- [EXERCISE]:
Return, exactly and in full, the lines of the records below starting at the one with "Abstract background presented" and ending at the one with "WLMouse Beast X", and no other lines.
(RECORDS TO PROCESS begins)
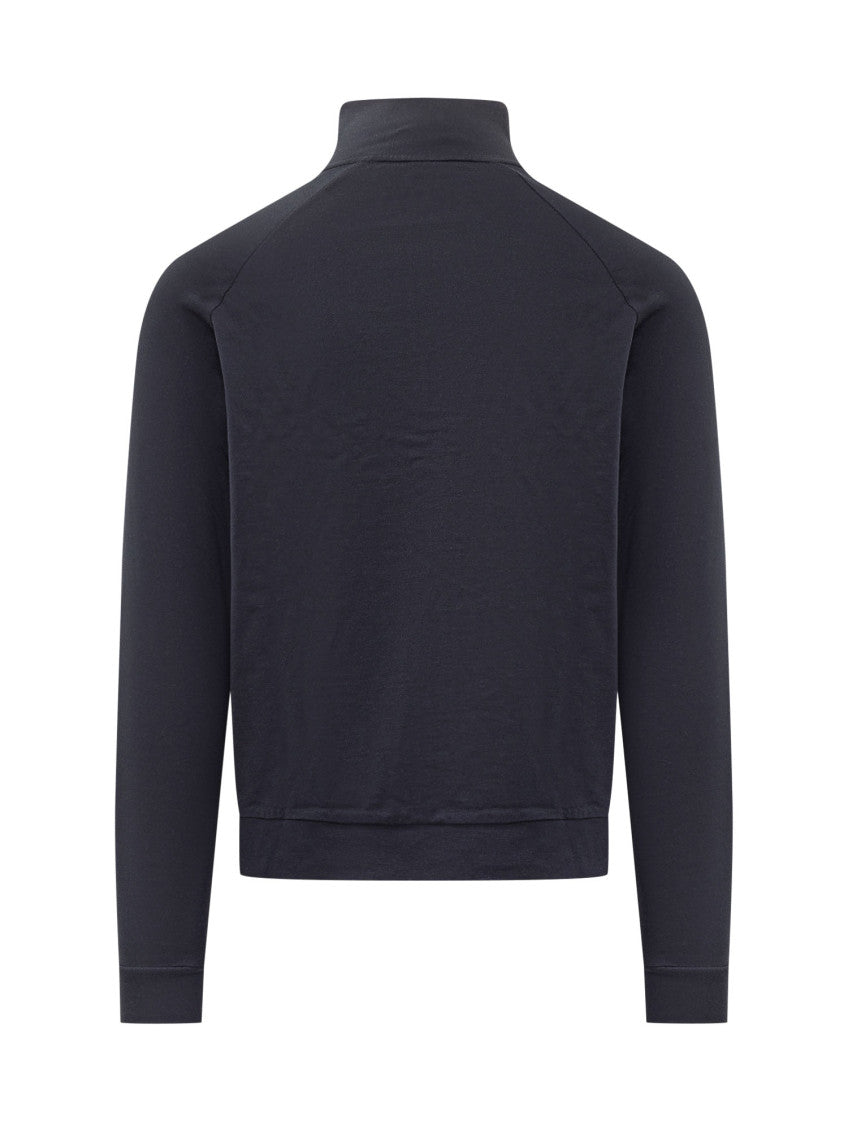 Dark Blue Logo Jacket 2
(RECORDS TO PROCESS ends)
(RECORDS TO PROCESS begins)
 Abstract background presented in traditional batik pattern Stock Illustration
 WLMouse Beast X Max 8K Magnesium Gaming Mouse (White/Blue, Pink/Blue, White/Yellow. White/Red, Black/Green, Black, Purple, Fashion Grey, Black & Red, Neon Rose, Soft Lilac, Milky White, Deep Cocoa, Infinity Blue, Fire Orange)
(RECORDS TO PROCESS ends)
(RECORDS TO PROCESS begins)
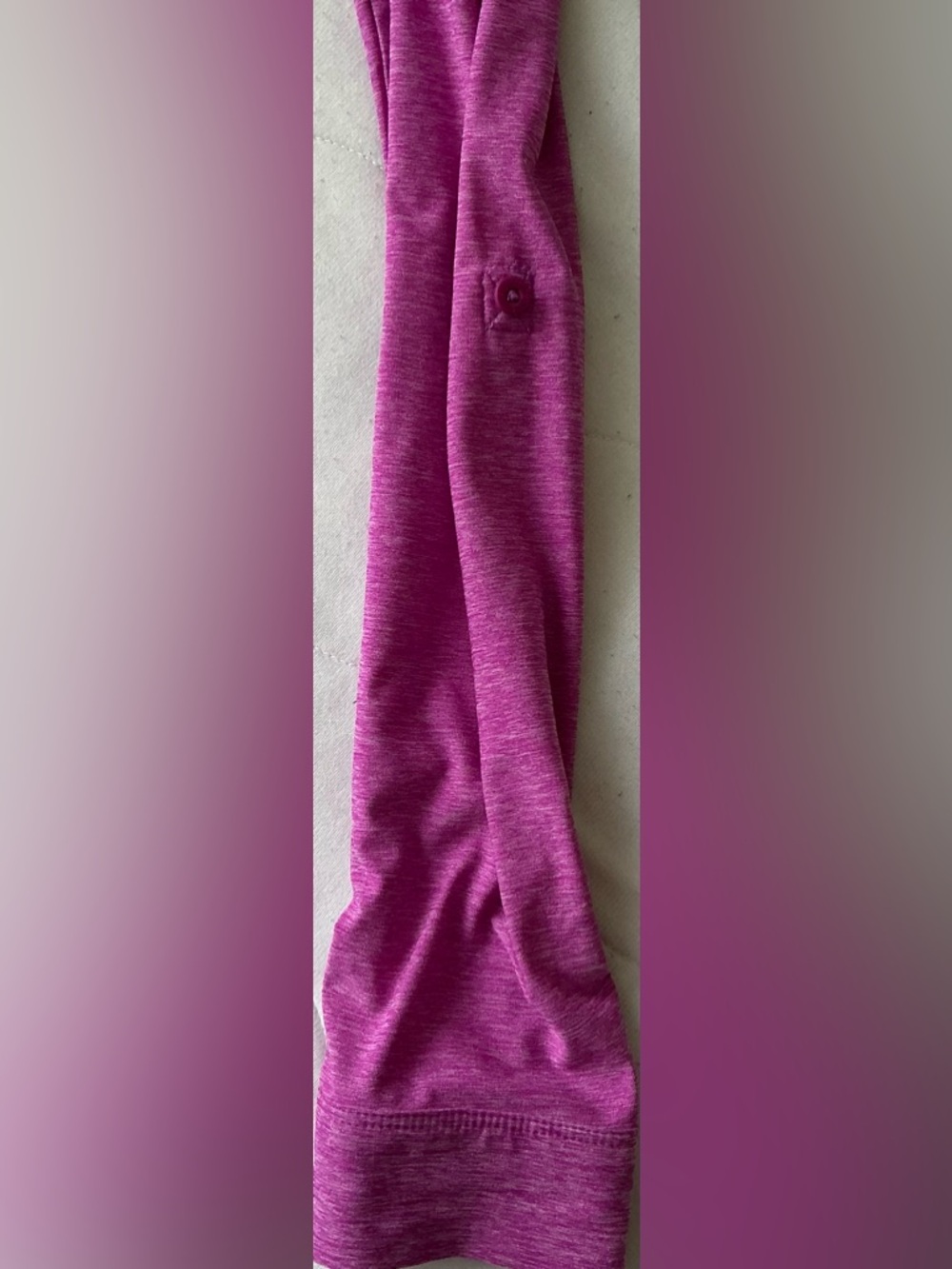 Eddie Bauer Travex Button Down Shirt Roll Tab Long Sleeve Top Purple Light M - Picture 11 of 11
(RECORDS TO PROCESS ends)
- [REPLY]:
 Abstract background presented in traditional batik pattern Stock Illustration
 WLMouse Beast X Max 8K Magnesium Gaming Mouse (White/Blue, Pink/Blue, White/Yellow. White/Red, Black/Green, Black, Purple, Fashion Grey, Black & Red, Neon Rose, Soft Lilac, Milky White, Deep Cocoa, Infinity Blue, Fire Orange)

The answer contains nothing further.